■ **Exercise details**:
With the line containing "Correze shower filter" as the start and the line containing "Peter Finstuen census 1880.jpg" as the end, transcribe that span of the entries below exactly, including both.

■ **Data to process**:

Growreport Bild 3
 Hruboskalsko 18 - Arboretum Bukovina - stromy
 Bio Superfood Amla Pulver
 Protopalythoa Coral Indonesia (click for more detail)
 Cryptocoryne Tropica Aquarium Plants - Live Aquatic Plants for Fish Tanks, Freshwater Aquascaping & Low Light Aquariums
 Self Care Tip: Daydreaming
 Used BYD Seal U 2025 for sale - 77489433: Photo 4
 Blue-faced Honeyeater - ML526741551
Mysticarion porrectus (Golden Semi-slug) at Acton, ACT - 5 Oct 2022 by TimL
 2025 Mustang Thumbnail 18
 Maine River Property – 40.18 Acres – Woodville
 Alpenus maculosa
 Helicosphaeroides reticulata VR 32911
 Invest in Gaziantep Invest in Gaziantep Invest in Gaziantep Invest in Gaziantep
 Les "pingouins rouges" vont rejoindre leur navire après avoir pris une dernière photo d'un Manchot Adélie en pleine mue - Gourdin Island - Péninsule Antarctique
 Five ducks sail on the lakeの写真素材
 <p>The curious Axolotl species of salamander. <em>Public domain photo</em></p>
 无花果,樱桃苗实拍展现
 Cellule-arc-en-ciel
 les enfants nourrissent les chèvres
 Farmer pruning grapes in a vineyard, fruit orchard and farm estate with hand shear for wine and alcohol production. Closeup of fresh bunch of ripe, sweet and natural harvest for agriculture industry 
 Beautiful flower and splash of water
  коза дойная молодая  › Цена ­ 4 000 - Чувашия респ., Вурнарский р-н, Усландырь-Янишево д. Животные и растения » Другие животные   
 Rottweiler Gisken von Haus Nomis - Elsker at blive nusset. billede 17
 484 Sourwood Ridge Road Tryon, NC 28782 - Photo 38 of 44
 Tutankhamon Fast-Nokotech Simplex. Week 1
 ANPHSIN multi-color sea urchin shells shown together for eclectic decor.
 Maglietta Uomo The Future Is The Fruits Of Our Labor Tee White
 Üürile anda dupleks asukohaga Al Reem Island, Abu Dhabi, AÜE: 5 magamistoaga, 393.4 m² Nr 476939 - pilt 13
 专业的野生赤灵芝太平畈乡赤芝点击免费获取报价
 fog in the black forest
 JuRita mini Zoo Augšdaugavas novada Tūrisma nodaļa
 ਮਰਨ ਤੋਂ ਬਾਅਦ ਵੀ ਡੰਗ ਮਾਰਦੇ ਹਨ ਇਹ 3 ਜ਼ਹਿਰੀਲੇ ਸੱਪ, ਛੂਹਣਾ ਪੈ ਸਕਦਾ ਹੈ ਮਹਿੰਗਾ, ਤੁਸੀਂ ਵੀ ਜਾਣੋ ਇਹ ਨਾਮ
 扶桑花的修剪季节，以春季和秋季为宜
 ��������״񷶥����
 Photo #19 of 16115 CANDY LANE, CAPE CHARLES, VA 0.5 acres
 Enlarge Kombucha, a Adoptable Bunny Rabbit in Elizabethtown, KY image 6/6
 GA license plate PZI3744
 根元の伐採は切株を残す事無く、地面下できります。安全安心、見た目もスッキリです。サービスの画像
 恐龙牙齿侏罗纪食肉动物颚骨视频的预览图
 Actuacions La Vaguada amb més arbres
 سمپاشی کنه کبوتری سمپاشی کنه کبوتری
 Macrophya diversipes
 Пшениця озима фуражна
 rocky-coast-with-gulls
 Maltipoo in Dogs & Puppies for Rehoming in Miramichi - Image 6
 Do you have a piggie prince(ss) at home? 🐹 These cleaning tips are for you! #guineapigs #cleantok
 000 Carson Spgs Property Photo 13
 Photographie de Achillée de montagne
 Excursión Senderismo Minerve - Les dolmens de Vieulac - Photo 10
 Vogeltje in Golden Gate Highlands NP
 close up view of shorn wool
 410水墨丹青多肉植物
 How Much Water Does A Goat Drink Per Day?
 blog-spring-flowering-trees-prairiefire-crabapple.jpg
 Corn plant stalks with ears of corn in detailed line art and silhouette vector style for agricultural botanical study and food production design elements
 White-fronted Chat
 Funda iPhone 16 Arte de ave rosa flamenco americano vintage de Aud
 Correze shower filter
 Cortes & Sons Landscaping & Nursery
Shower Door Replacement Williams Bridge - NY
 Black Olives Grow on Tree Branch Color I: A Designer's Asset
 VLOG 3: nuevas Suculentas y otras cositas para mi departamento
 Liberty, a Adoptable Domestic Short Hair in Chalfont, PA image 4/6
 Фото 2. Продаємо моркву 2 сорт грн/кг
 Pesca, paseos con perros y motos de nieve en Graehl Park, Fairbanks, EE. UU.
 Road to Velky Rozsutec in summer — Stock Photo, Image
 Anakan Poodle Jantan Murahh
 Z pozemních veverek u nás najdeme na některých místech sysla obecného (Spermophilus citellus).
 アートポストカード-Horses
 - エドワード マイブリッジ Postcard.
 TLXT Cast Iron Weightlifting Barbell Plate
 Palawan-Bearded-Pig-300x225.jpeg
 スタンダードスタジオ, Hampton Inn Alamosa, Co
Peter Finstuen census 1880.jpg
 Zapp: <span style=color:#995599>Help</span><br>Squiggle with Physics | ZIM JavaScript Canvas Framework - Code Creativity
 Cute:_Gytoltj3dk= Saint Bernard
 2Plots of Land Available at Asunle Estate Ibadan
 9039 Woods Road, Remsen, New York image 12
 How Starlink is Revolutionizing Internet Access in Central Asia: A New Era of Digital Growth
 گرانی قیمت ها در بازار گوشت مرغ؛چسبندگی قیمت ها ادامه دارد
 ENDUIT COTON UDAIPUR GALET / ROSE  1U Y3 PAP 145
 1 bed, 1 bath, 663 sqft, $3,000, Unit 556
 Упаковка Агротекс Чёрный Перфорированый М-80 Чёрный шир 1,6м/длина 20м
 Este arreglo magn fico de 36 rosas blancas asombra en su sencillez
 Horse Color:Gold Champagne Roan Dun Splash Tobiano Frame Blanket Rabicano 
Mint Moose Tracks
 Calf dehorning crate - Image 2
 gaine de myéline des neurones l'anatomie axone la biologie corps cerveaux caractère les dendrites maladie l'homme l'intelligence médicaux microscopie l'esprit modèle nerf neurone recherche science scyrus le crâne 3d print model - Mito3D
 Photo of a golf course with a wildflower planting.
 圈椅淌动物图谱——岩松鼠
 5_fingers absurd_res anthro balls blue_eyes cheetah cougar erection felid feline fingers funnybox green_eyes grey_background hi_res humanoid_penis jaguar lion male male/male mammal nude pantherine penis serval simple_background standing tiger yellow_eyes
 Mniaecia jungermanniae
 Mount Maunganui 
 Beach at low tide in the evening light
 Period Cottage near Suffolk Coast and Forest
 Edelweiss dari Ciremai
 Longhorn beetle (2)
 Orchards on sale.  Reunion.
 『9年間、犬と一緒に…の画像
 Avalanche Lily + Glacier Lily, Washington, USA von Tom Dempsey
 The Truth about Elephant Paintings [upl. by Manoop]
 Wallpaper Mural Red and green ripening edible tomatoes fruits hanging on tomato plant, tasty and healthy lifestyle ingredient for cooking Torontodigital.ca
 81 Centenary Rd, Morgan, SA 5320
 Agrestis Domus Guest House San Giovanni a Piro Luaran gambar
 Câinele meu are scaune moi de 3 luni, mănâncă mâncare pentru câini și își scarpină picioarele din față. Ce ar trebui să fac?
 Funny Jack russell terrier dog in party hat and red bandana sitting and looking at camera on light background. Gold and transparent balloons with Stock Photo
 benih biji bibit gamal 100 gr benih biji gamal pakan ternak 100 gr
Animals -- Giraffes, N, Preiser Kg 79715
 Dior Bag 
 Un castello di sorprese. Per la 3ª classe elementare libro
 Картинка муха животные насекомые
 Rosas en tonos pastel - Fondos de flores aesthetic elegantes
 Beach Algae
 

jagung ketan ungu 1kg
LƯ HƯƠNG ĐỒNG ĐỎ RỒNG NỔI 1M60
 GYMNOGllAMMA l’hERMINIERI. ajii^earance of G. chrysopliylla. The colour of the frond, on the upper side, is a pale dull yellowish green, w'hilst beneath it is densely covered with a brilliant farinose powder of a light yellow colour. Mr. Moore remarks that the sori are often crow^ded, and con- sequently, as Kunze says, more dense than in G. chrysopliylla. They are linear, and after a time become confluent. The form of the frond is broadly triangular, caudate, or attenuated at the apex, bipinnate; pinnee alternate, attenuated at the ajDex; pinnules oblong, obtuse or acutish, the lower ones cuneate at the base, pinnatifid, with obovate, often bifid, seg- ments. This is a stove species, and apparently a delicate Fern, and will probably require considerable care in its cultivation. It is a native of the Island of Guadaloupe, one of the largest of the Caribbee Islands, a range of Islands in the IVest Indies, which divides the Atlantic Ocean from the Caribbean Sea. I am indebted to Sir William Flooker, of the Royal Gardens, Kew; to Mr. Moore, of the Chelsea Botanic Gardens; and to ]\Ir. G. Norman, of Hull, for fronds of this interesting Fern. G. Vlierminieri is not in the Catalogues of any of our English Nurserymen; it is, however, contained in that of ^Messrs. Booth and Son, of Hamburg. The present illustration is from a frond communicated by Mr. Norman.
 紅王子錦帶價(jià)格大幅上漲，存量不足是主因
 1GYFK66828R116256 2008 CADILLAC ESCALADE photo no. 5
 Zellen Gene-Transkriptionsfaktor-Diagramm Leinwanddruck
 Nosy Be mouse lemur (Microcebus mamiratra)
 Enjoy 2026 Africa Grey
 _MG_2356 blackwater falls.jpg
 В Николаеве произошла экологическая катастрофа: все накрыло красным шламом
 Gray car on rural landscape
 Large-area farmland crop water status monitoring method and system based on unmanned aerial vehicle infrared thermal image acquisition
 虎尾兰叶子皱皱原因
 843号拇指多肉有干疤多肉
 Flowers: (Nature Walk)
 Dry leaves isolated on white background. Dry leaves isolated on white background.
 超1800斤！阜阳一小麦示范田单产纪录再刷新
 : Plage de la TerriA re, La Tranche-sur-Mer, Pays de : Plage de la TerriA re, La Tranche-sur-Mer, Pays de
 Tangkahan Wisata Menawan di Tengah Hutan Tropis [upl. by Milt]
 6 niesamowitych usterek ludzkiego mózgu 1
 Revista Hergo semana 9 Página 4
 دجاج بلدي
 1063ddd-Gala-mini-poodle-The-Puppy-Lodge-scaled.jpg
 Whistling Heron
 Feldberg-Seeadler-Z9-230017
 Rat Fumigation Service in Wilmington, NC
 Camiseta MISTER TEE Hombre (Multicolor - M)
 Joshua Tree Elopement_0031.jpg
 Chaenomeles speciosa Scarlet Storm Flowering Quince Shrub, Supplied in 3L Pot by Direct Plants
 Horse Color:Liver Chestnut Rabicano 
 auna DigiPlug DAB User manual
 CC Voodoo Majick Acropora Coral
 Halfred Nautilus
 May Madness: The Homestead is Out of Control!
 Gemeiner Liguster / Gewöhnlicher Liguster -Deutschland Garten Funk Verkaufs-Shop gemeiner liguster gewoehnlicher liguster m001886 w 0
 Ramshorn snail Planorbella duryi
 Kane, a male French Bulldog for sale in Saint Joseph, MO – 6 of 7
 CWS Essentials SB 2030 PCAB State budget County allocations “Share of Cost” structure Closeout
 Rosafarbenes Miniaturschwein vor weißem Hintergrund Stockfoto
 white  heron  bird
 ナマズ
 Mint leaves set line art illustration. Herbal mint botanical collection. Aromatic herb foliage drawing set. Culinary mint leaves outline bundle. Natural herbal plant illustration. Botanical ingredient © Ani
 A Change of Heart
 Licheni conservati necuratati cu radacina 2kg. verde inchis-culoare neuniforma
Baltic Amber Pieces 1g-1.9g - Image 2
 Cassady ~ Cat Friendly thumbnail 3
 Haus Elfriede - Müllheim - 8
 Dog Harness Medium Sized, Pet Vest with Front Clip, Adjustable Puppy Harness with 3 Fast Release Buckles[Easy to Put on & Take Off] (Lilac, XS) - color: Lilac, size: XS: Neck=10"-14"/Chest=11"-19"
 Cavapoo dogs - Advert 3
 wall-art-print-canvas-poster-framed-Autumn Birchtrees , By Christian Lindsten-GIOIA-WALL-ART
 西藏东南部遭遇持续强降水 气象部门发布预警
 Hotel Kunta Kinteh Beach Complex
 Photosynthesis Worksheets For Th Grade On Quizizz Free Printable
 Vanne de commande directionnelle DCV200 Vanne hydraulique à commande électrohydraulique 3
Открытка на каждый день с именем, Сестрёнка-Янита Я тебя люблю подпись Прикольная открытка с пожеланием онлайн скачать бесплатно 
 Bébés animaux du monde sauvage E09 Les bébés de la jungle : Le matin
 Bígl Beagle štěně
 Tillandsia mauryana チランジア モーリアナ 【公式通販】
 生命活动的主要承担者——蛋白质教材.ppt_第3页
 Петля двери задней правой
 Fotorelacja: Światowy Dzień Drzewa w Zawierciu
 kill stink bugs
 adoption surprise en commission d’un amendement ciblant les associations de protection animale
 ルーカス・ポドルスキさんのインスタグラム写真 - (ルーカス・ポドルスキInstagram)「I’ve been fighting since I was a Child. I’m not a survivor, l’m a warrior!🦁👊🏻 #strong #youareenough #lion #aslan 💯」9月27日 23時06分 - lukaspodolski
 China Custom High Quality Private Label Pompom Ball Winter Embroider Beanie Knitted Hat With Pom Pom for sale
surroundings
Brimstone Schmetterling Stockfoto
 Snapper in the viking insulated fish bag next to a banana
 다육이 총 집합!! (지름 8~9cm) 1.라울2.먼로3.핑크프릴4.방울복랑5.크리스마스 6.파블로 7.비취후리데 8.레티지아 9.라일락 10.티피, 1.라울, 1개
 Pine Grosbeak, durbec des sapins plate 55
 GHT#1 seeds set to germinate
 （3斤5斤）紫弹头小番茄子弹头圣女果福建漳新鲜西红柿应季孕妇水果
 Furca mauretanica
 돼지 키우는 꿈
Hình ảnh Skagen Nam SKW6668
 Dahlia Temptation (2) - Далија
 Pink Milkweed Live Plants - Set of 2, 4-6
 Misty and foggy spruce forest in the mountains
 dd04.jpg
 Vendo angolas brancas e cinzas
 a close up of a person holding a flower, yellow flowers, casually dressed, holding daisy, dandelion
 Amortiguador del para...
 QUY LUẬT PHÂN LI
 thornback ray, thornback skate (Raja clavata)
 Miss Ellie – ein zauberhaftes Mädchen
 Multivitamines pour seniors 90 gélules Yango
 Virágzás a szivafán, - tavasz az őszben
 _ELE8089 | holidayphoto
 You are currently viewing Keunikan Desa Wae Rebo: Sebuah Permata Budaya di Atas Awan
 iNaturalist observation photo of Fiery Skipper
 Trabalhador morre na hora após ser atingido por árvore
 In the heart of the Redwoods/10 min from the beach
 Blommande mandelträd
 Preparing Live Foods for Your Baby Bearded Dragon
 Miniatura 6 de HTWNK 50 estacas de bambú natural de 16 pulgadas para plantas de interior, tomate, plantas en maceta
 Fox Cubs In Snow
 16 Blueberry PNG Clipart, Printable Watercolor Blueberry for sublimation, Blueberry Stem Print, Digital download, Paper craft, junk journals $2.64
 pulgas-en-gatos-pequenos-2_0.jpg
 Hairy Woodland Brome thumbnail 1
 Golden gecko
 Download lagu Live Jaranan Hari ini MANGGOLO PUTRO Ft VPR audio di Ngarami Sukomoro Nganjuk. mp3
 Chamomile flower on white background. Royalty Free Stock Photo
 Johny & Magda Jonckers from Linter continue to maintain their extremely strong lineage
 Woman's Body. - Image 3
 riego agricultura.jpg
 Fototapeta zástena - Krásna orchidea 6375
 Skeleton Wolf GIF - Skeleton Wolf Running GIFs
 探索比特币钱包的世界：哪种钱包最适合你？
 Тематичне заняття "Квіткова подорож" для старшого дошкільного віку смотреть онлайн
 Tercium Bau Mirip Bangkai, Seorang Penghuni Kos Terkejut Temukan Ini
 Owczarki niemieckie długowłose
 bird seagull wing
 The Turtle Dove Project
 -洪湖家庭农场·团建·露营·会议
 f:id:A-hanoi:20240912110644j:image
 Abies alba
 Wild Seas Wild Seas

■ **Answer section**:
 Correze shower filter
 Cortes & Sons Landscaping & Nursery
Shower Door Replacement Williams Bridge - NY
 Black Olives Grow on Tree Branch Color I: A Designer's Asset
 VLOG 3: nuevas Suculentas y otras cositas para mi departamento
 Liberty, a Adoptable Domestic Short Hair in Chalfont, PA image 4/6
 Фото 2. Продаємо моркву 2 сорт грн/кг
 Pesca, paseos con perros y motos de nieve en Graehl Park, Fairbanks, EE. UU.
 Road to Velky Rozsutec in summer — Stock Photo, Image
 Anakan Poodle Jantan Murahh
 Z pozemních veverek u nás najdeme na některých místech sysla obecného (Spermophilus citellus).
 アートポストカード-Horses
 - エドワード マイブリッジ Postcard.
 TLXT Cast Iron Weightlifting Barbell Plate
 Palawan-Bearded-Pig-300x225.jpeg
 スタンダードスタジオ, Hampton Inn Alamosa, Co
Peter Finstuen census 1880.jpg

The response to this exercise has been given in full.